Appeal: The Countryman is a major new player on the crossover front.

I remember dancing in the Central ballroom in Tullamore (and other 'hot' spots through the midlands) when the micro mini-skirt was in vogue. Yes, many, many years ago. Those skimpy garments were no deeper than a good-sized belt.

Then came the midi, then the hippy ankle-lengths and then . . . well I forget after that.

Now I happen to think the word 'mini' is grossly abused and often a confusing contradiction in terms. You know: mini-bites, mini-crisis, mini-pack and so on.

But this week's car takes the concept to a new level altogether. This is now a 'really big' MINI.

And I'm going to get my spoke in first by calling it a 'maxi' MINI.

There. I've said it. I've corrupted the English language once again (what's new?).
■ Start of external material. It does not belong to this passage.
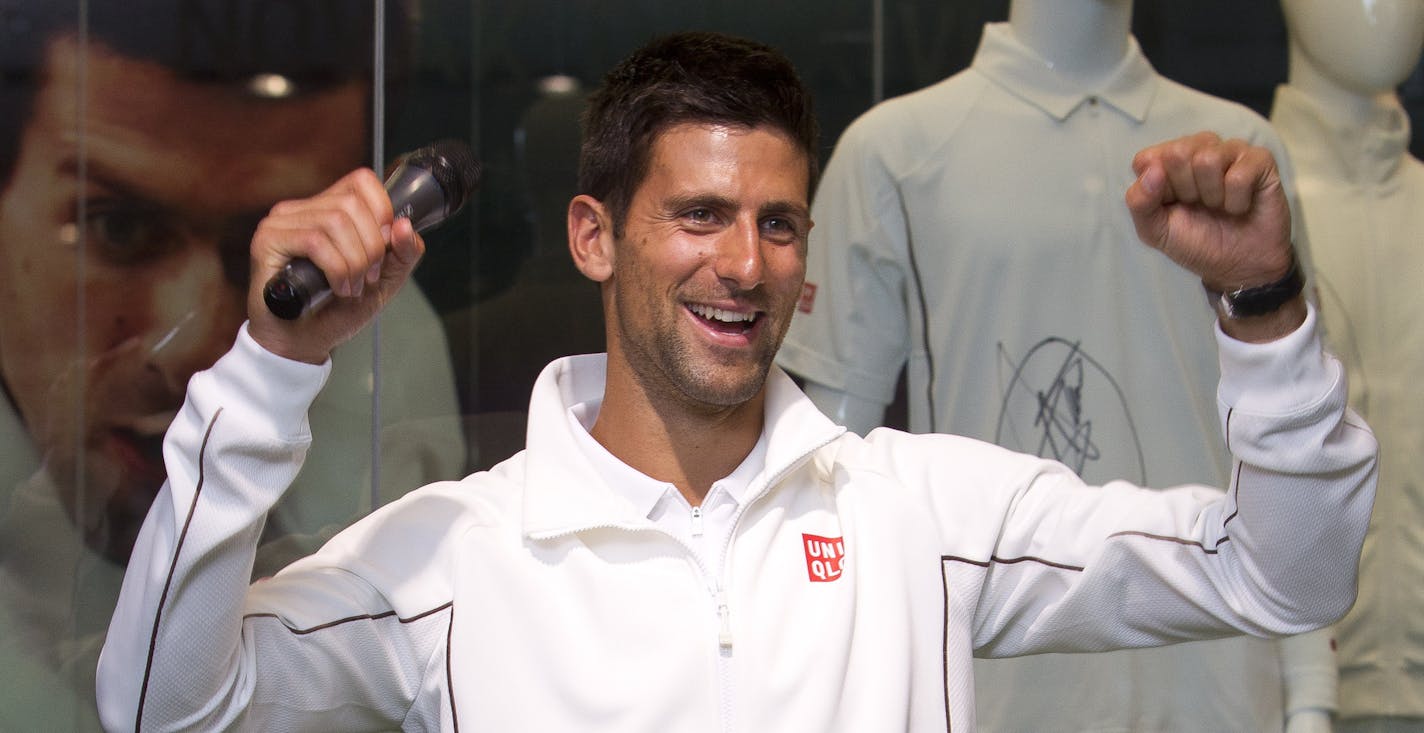 Serbian tennis star Novak Djokovic, officially unveils UNIQLO's Wimbledon collection at a central London store ahead of the grass tennis tournament later this month, Tuesday, June 18, 2013. (Photo by Joel Ryan/Invision/AP)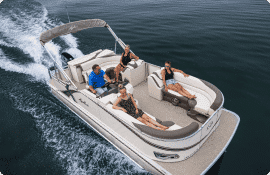 A boat with six people onboard is cruising through the water. Some are sitting on the cushioned seats while others are leaning back, enjoying the ride under the shade canopy. The sturdy pontoons provide stability as they glide over calm waters that perfectly reflect the blue sky.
This fresh arrival is called the Countryman. It is by far the largest they've made. It has four passenger doors, a surprising amount of rear room, a decent boot and is significantly larger in all areas than the little one we've become accustomed since BMW made it a modern icon.

It is also a different sort of concept. They are calling it a 'crossover' (not a word you'd have heard in the Central ballroom when the Crackaways were playing). In other words, it has a bit of everything, including an option (not on my test car) for all-wheel-drive so you can go off-roading.

There is no doubting, when you first see this, that it is some kind of a MINI. It blurs boundaries -- as crossovers do -- and, like so many others nowadays, points to a future where conventional design will, like so much else from our dancing days, be a thing of the past.

Multitudinous glances and questions over the course of my drives (sadly, the funeral of an old friend appears to pockmark so many of my journeys these days) underlined just how interested people can be in something of this nature. Here was an example of a car turning heads in their droves. It just has that presence. It is 374mm longer than a MINI hatchback, 106mm wider and, significantly, 154mm taller; and being such it really sits up there and says 'hello'.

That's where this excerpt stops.